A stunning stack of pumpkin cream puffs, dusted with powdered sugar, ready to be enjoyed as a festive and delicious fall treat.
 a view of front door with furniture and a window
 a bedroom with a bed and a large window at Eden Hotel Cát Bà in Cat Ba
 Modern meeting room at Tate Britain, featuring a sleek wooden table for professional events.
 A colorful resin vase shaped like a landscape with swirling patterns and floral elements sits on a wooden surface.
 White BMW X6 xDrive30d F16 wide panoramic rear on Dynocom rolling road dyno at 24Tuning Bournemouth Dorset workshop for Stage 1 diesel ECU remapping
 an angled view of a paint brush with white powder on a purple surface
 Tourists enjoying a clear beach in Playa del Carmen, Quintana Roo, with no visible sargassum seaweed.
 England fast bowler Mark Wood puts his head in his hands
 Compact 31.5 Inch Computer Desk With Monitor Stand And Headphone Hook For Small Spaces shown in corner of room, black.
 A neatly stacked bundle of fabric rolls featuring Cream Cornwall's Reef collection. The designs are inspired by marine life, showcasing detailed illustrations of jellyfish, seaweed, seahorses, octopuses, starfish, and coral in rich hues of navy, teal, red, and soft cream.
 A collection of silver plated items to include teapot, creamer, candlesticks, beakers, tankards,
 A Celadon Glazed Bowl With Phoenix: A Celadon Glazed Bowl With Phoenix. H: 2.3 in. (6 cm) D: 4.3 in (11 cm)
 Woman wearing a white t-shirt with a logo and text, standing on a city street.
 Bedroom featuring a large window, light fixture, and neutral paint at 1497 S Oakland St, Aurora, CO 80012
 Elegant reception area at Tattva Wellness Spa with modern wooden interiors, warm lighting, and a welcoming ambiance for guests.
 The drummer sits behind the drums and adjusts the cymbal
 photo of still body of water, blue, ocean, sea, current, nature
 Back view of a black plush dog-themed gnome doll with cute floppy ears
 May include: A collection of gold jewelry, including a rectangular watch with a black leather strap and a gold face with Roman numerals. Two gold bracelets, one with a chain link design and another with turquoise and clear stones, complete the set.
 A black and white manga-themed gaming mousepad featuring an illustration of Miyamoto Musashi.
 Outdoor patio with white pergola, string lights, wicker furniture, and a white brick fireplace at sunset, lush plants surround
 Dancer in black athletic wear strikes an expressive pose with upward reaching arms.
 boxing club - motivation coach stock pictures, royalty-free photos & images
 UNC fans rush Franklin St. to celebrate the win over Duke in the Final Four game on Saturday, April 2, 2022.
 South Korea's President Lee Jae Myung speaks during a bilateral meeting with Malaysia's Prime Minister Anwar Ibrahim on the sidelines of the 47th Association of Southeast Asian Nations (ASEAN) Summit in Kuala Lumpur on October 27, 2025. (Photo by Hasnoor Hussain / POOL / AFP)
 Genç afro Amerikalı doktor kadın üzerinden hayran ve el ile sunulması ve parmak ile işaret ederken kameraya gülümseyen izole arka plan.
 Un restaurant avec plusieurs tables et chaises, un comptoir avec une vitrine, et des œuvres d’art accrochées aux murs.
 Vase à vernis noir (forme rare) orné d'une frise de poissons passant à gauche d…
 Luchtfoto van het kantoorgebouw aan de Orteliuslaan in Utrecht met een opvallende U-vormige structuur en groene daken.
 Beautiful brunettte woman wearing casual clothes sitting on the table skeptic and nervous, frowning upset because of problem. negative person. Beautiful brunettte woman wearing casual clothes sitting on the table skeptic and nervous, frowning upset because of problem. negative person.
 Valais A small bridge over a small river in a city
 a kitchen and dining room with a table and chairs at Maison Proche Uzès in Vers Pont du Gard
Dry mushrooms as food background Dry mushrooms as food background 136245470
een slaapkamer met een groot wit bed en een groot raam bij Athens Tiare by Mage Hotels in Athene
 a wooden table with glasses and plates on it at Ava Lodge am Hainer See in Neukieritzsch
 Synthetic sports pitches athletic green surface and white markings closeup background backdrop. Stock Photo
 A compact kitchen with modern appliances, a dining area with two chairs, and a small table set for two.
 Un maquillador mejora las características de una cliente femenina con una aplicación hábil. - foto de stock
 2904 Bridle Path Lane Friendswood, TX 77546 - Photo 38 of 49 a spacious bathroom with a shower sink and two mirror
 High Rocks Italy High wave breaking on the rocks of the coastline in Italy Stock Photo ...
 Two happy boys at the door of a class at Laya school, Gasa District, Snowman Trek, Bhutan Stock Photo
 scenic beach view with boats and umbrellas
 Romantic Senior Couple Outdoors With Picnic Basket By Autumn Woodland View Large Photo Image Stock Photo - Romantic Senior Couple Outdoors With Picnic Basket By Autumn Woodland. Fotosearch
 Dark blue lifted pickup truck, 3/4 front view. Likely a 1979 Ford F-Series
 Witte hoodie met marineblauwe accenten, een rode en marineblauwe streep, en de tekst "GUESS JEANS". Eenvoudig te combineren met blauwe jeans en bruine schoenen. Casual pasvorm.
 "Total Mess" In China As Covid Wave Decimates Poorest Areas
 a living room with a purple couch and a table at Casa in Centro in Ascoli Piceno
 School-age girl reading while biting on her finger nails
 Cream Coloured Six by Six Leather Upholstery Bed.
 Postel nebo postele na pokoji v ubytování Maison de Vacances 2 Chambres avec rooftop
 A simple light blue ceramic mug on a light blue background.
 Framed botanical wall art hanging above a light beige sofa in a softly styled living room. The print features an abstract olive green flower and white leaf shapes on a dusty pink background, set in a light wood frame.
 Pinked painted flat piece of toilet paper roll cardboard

══════

▶ **WHAT IS REQUIRED**: Type out the material above once more, exactly.

▶ **ANSWER TO THIS PROBLEM**:
A stunning stack of pumpkin cream puffs, dusted with powdered sugar, ready to be enjoyed as a festive and delicious fall treat.
 a view of front door with furniture and a window
 a bedroom with a bed and a large window at Eden Hotel Cát Bà in Cat Ba
 Modern meeting room at Tate Britain, featuring a sleek wooden table for professional events.
 A colorful resin vase shaped like a landscape with swirling patterns and floral elements sits on a wooden surface.
 White BMW X6 xDrive30d F16 wide panoramic rear on Dynocom rolling road dyno at 24Tuning Bournemouth Dorset workshop for Stage 1 diesel ECU remapping
 an angled view of a paint brush with white powder on a purple surface
 Tourists enjoying a clear beach in Playa del Carmen, Quintana Roo, with no visible sargassum seaweed.
 England fast bowler Mark Wood puts his head in his hands
 Compact 31.5 Inch Computer Desk With Monitor Stand And Headphone Hook For Small Spaces shown in corner of room, black.
 A neatly stacked bundle of fabric rolls featuring Cream Cornwall's Reef collection. The designs are inspired by marine life, showcasing detailed illustrations of jellyfish, seaweed, seahorses, octopuses, starfish, and coral in rich hues of navy, teal, red, and soft cream.
 A collection of silver plated items to include teapot, creamer, candlesticks, beakers, tankards,
 A Celadon Glazed Bowl With Phoenix: A Celadon Glazed Bowl With Phoenix. H: 2.3 in. (6 cm) D: 4.3 in (11 cm)
 Woman wearing a white t-shirt with a logo and text, standing on a city street.
 Bedroom featuring a large window, light fixture, and neutral paint at 1497 S Oakland St, Aurora, CO 80012
 Elegant reception area at Tattva Wellness Spa with modern wooden interiors, warm lighting, and a welcoming ambiance for guests.
 The drummer sits behind the drums and adjusts the cymbal
 photo of still body of water, blue, ocean, sea, current, nature
 Back view of a black plush dog-themed gnome doll with cute floppy ears
 May include: A collection of gold jewelry, including a rectangular watch with a black leather strap and a gold face with Roman numerals. Two gold bracelets, one with a chain link design and another with turquoise and clear stones, complete the set.
 A black and white manga-themed gaming mousepad featuring an illustration of Miyamoto Musashi.
 Outdoor patio with white pergola, string lights, wicker furniture, and a white brick fireplace at sunset, lush plants surround
 Dancer in black athletic wear strikes an expressive pose with upward reaching arms.
 boxing club - motivation coach stock pictures, royalty-free photos & images
 UNC fans rush Franklin St. to celebrate the win over Duke in the Final Four game on Saturday, April 2, 2022.
 South Korea's President Lee Jae Myung speaks during a bilateral meeting with Malaysia's Prime Minister Anwar Ibrahim on the sidelines of the 47th Association of Southeast Asian Nations (ASEAN) Summit in Kuala Lumpur on October 27, 2025. (Photo by Hasnoor Hussain / POOL / AFP)
 Genç afro Amerikalı doktor kadın üzerinden hayran ve el ile sunulması ve parmak ile işaret ederken kameraya gülümseyen izole arka plan.
 Un restaurant avec plusieurs tables et chaises, un comptoir avec une vitrine, et des œuvres d’art accrochées aux murs.
 Vase à vernis noir (forme rare) orné d'une frise de poissons passant à gauche d…
 Luchtfoto van het kantoorgebouw aan de Orteliuslaan in Utrecht met een opvallende U-vormige structuur en groene daken.
 Beautiful brunettte woman wearing casual clothes sitting on the table skeptic and nervous, frowning upset because of problem. negative person. Beautiful brunettte woman wearing casual clothes sitting on the table skeptic and nervous, frowning upset because of problem. negative person.
 Valais A small bridge over a small river in a city
 a kitchen and dining room with a table and chairs at Maison Proche Uzès in Vers Pont du Gard
Dry mushrooms as food background Dry mushrooms as food background 136245470
een slaapkamer met een groot wit bed en een groot raam bij Athens Tiare by Mage Hotels in Athene
 a wooden table with glasses and plates on it at Ava Lodge am Hainer See in Neukieritzsch
 Synthetic sports pitches athletic green surface and white markings closeup background backdrop. Stock Photo
 A compact kitchen with modern appliances, a dining area with two chairs, and a small table set for two.
 Un maquillador mejora las características de una cliente femenina con una aplicación hábil. - foto de stock
 2904 Bridle Path Lane Friendswood, TX 77546 - Photo 38 of 49 a spacious bathroom with a shower sink and two mirror
 High Rocks Italy High wave breaking on the rocks of the coastline in Italy Stock Photo ...
 Two happy boys at the door of a class at Laya school, Gasa District, Snowman Trek, Bhutan Stock Photo
 scenic beach view with boats and umbrellas
 Romantic Senior Couple Outdoors With Picnic Basket By Autumn Woodland View Large Photo Image Stock Photo - Romantic Senior Couple Outdoors With Picnic Basket By Autumn Woodland. Fotosearch
 Dark blue lifted pickup truck, 3/4 front view. Likely a 1979 Ford F-Series
 Witte hoodie met marineblauwe accenten, een rode en marineblauwe streep, en de tekst "GUESS JEANS". Eenvoudig te combineren met blauwe jeans en bruine schoenen. Casual pasvorm.
 "Total Mess" In China As Covid Wave Decimates Poorest Areas
 a living room with a purple couch and a table at Casa in Centro in Ascoli Piceno
 School-age girl reading while biting on her finger nails
 Cream Coloured Six by Six Leather Upholstery Bed.
 Postel nebo postele na pokoji v ubytování Maison de Vacances 2 Chambres avec rooftop
 A simple light blue ceramic mug on a light blue background.
 Framed botanical wall art hanging above a light beige sofa in a softly styled living room. The print features an abstract olive green flower and white leaf shapes on a dusty pink background, set in a light wood frame.
 Pinked painted flat piece of toilet paper roll cardboard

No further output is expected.